Blog Update #7a – Final Conclusions and Recommendations:
Building consensus quickly is an important part of spontaneous/short-term event planning. We studied consensus building in group settings using qualitative and quantitative methods. The results of our statistical analysis ultimately proved inconclusive and did not support our hypotheses. It is possible that this was a result of unforeseen and uncontrolled errors in the experimental design. One limitation that comes to mind, is the amount of “Wizard of Oz” design involved in our experiment. We focused more on how clearly the information was visible to users as they made a conclusion on the group consensus, therefore a lot of information was fixed. This isn’t completely irrelevant to the larger problem of consensus building as from the perspective of the user organizing the event, being able to quickly determine what works best for everybody is a useful feature. But we weren’t observing consensus building in its natural form which usually happens in real time due to the logistical issues involved in planning such an experiment within the amount of time delegated to us. This could produce some effects, such as how suggestions and votes are updated/handled, which could also change the visibility of the feature as well.
From the qualitative data collected, we saw that participants liked the top suggestions feature and ability to vote on others’ suggestions. In addition, our participants found it easier to identify the consensus reached in our interface as compared to Facebook Messenger, which lacked this function. This was no surprise as consensus building was the priority of our interface thus the implementation of this feature. Yet, many participants would still look through the entire chat in our interface despite acknowledging the consensus in Top Suggestions.
Due to the positive reception of some of the features in our interface, the experiment could be run again, but with more emphasis placed on the top suggestions feature and modifying it to make it clearer and visible to the user. To tackle the issue of a busy interface and reduce the number of screens the user has to go through, it might be beneficial to utilize a hybrid system combining the full chat and Top Suggestions; users see the full chat on the events page until the length has exceeded a certain amount of lines, at which point the interface operates as it was implemented for this experiment. This could allow for quicker read throughs and reduce the number of steps involved to complete the task.

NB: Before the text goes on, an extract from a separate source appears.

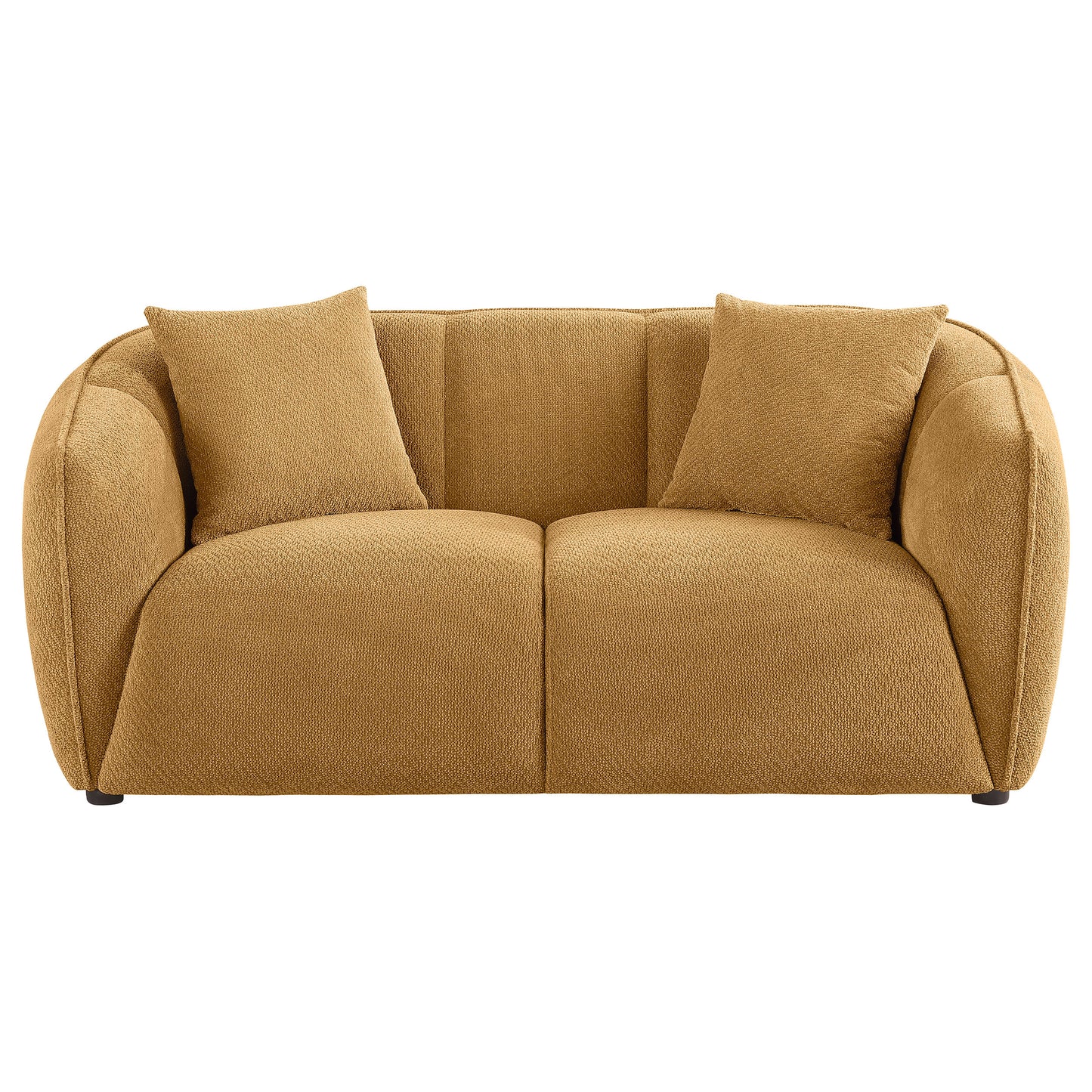 Aleisha Fabric Upholstered Loveseat Mustard Yellow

Ultimately, using the findings that we learn from our experiment and the above recommendations, we can move forward with a new iteration of our application.

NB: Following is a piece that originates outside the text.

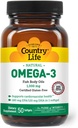 Ülke Life Omega-3 Fish Oil Supplement, 10000 mg,180 mg EPA & 120mg DHA, Fish Oil Inter, Burpless, 50 Softgels, sertifikalı Gluten Free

Update #7b: Report Your Reflections
What were the most significant ways in which the design concept and the actual interface design changed under the influence of user involvement? What were the biggest surprises for you – the things you learned from or about users that you would not have predicted based on your own experience and intuition?
Our field study worked out well for us because it helped narrow down the scope of our project after talking to our users. In our field study we found that spontaneous event planning was a good direction to go since it was a less explored direction of event organization and there was more opportunity to improve the experience of this task.
Another surprise was that even though users confirmed they fully understood the tasks required of them they disregarded them when actually performing the tasks. The most prominent example was when we told them to say “Done” when they are ready to write their answers, almost all the participants starting their answers down without saying “Done”. This affected the way we stopped the timer and could have impacted our results.
Additionally, many users failed to comprehend the “Top Suggestions” and voting features when performing tasks. When conducting a walk through of the prototype, users appeared to understand the features and interacted with it. However, there seemed to be a disconnect as many users suggested we implement a voting system and make popular group choices more prominent. However, since we frequently changed who was running the experiment in our group between sessions, there may have some deviations from the script between individuals that may have affected how participants understood the instructions.
Did the methods you chose for your evaluation and prototyping get at what you were looking for? In hindsight, would a different approach (process, not specifics of your interface) have been better?
For prototyping, we chose to use Axure as our medium fidelity prototyping tool. We found for the purposes of testing a user’s ability to identify consensus, our prototype had enough functionality to test our hypotheses. On a horizontal level, Axure was more than sufficient to accomplish the basic functionality required for the prototype. The implementation of the chat interface, which acted as the vertical element of the prototype, was a bit more difficult to pull of due to some of the limitations of Axure (such as persisting messages) meaning we couldn’t test it as thoroughly, but as participants were not required to interact much with it the experiment wasn’t affected. The amount of effort and time to create the prototype was ideal in that Axure provided tools to easily implement many of the basic features of our interface. Axure also allowed us to test our prototype on mobile devices making interaction more realistic to the user.
For quantitative evaluation methods, we timed our participants’ speed and measured the accuracy of the answers. These worked as they fit our research topic and got us the appropriate data to analyze. As for qualitative analysis, we provided a post-experiment questionnaire. In hindsight, we could have asked more specific questions in the questionnaire (e.g. specific questions targeting our top suggestions and voting features).
What were the most, and least, valuable among the methods you used, either generally or specifically for your project?
One of the most valuable methods was using Axure for creating our prototype. It allowed us to create a medium fidelity prototype within the time constraints for the project while also supporting the correct scope for experimentation.
However, our interface walkthrough for the experiment was not effective. We designed thinking that it would help our user familiarize themselves with our interface, but most participants did not seem to learn our interface as well as we thought they would. For example, one participant suggested we use a voting system to rate the top suggestions despite it being shown in the walkthrough.